To try to bring this thread to a conclusion, though, here are some
principles I hope everyone can agree on:

  • llvm.canonicalize has the expected behavior of flushing denormals if
    denormal flushing is dynamically enabled.

  • llvm.canonicalize more broadly should be considered exempt from
    standard LLVM rules on FP behavior, and instead a lot closer to call @llvm.experimental.constrained.fmul(%x, 1.0). (What keeps it from
    saying it’s an exact equivalence is I don’t have full knowledge of all
    the funky FP knobs one can turn on every single piece of hardware.) As a
    result, it should generally be treated as unoptimizable except in
    limited circumstances (e.g., you can constant-fold a normal value, but
    not a denormal [even with denormal-fp-math=ieee], and repeated calls
    to llvm.canonicalize can be optimized away because it is
    idempotent–but I am wary of llvm.canonicalize(x) == x => x == x,
    because it’s not true for FTZ-without-DAZ).

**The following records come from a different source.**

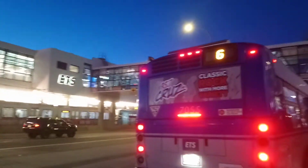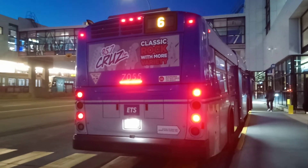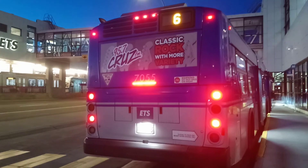Route 6 Southgate — the lovely, beautiful, magnificent ETS bus: 2018 Excelsior 40 foot low floor bus, unit 7055, on 6 Southgate, now 6 Davies. Where goes the bus? And that's it — October 25th, 2022. Take care, everyone.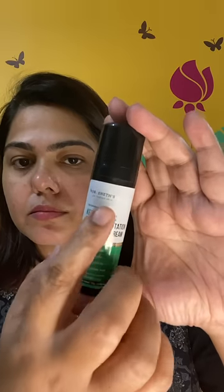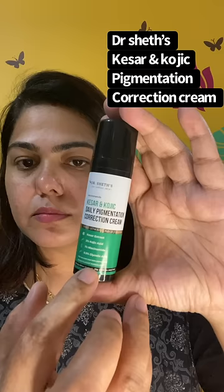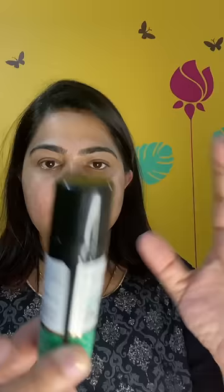Hey guys, I tried out this Keser and Kojic Daily Pigmentation Correction Cream from Dr. Sett's, that has a pharmaceutical grade potency level of 2% kojic acid combined with gentle ingredients like 1% niacinamide and 0.5% glycolic acid, that can be used daily.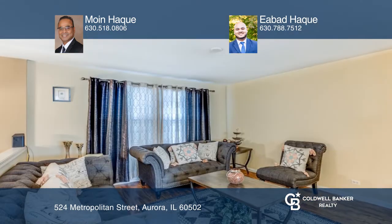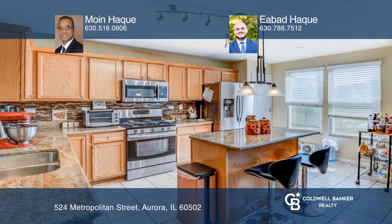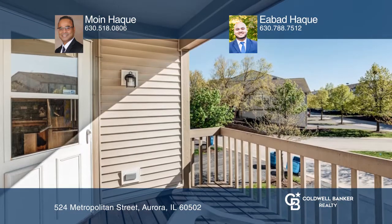The main level offers an open floor plan. The large English basement is perfect for a work-from-home area. The large kitchen offers stainless steel appliances with an extra breakfast area that leads into your own private balcony.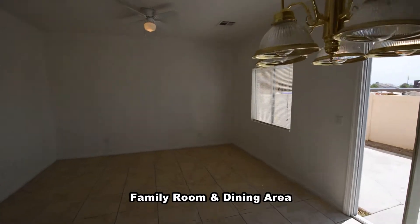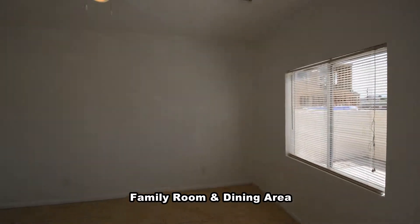The family room and dining area has a chandelier, ceiling fan with light, and blinds on the window.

    • The default value of denormal-fp-math for any platform with a
      crtfastmath.o that sets FTZ/DAZ should be set to dynamic. This value
      should be used regardless of the current fast-math flags applied or if
      clang can find crtfastmath.o because by the point that it’s possible
      for someone to compile code that twiddles FTZ/DAZ with just
      -ffast-math, it’s exceedingly difficult for the toolchain (or even the
      user in many cases) to honestly assert that nobody has twiddled it.
  • Floating-point operations (other than llvm.canonicalize) are not
    guaranteed to have canonicalizing behavior, contrary to IEEE 754
    semantics. This includes sNaN quieting rules–which are already
    documented as such–and would include possible denormal flushing (and
    decimal noncanonicals, when we get around to implementing decimal fp).

This is more controversial, but I think correct:

  • Constant folding in general should just fail to constant fold where
    denormals are involved, independent of the mode.

That seems surprising to me – why would we allow constant folding when sNaN are involved, but refuse it when denormals are involved?